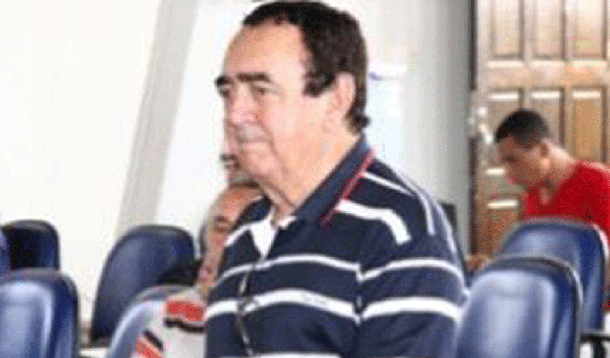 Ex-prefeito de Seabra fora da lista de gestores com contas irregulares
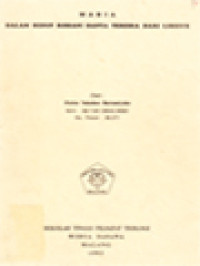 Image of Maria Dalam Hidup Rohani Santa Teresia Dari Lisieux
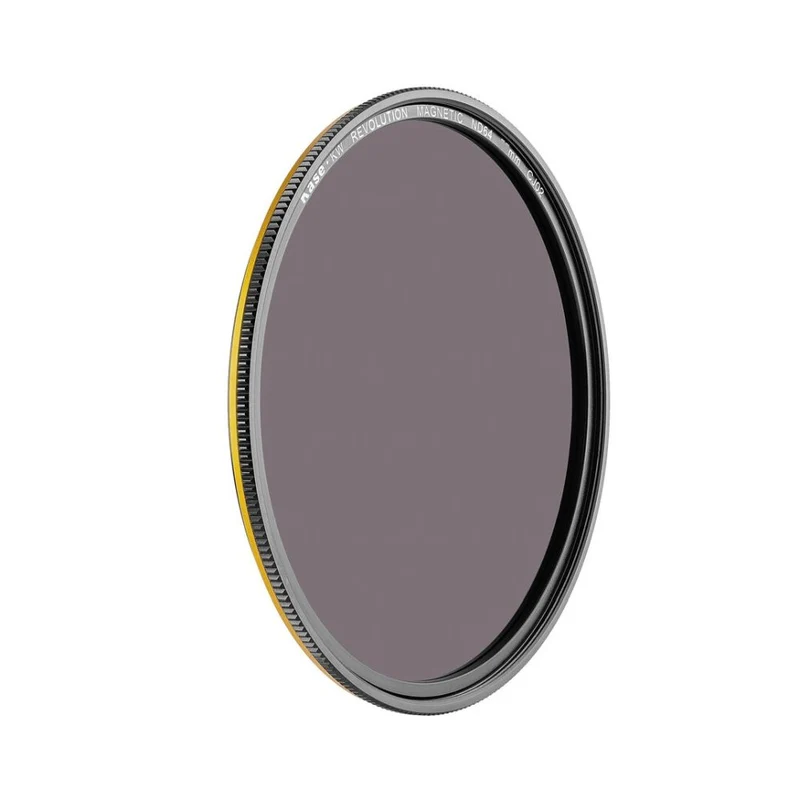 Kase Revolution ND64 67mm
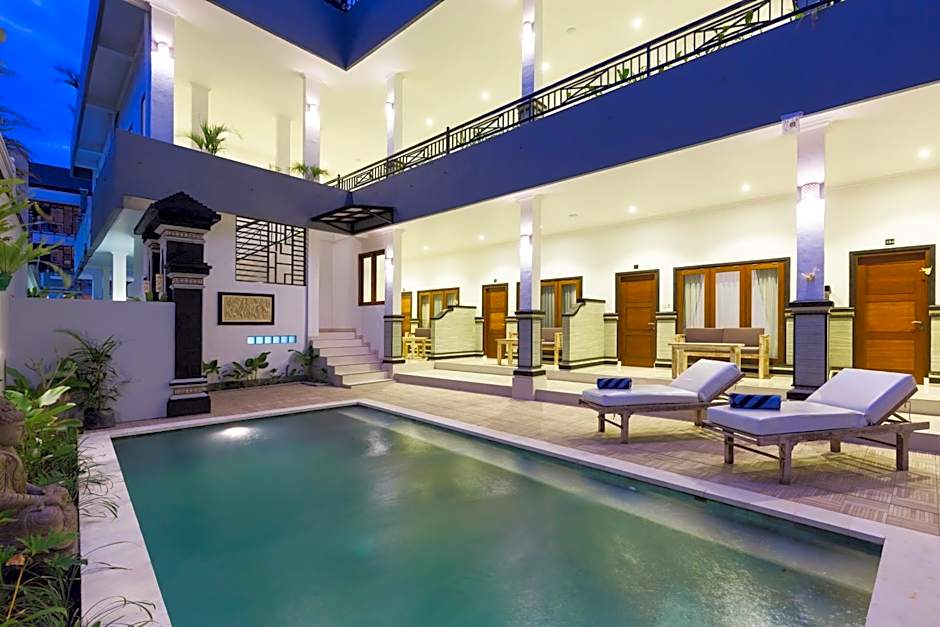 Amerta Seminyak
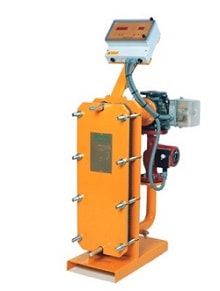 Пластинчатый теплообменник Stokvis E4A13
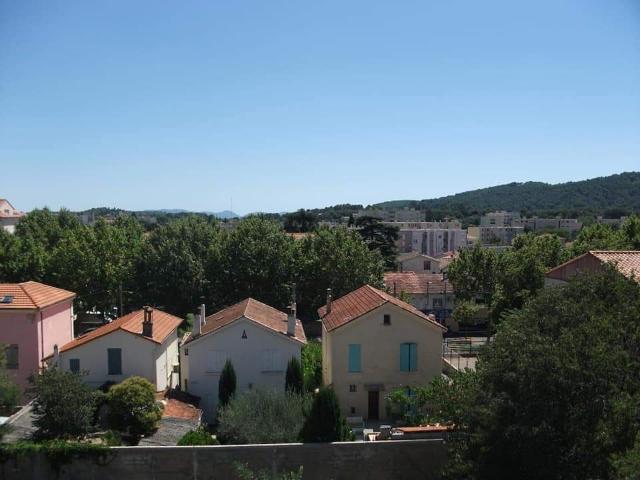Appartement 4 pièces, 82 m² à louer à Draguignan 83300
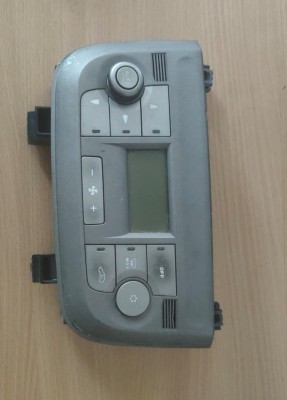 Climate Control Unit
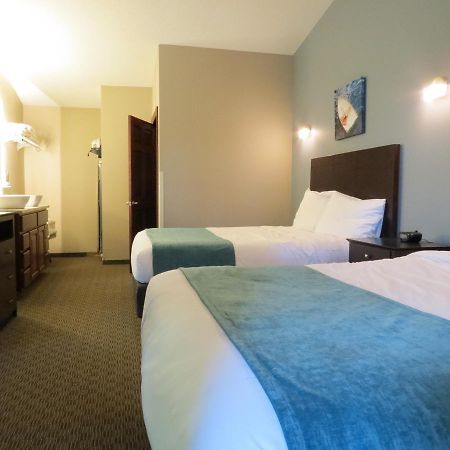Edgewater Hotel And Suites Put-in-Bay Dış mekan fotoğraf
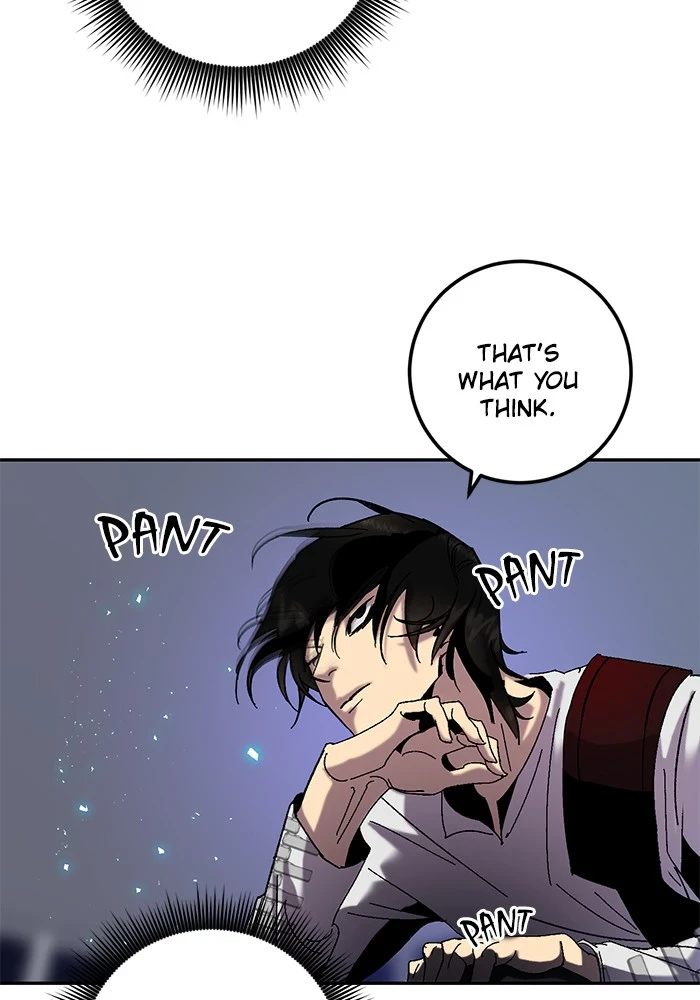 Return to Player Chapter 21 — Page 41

^^^^^^^^

Write out exactly the lines from the one containing "Appartement 4 pièces, 82" through the end of the entries, both included. Pictures are not copied.

Appartement 4 pièces, 82 m² à louer à Draguignan 83300
 Climate Control Unit
Edgewater Hotel And Suites Put-in-Bay Dış mekan fotoğraf
 Return to Player Chapter 21 — Page 41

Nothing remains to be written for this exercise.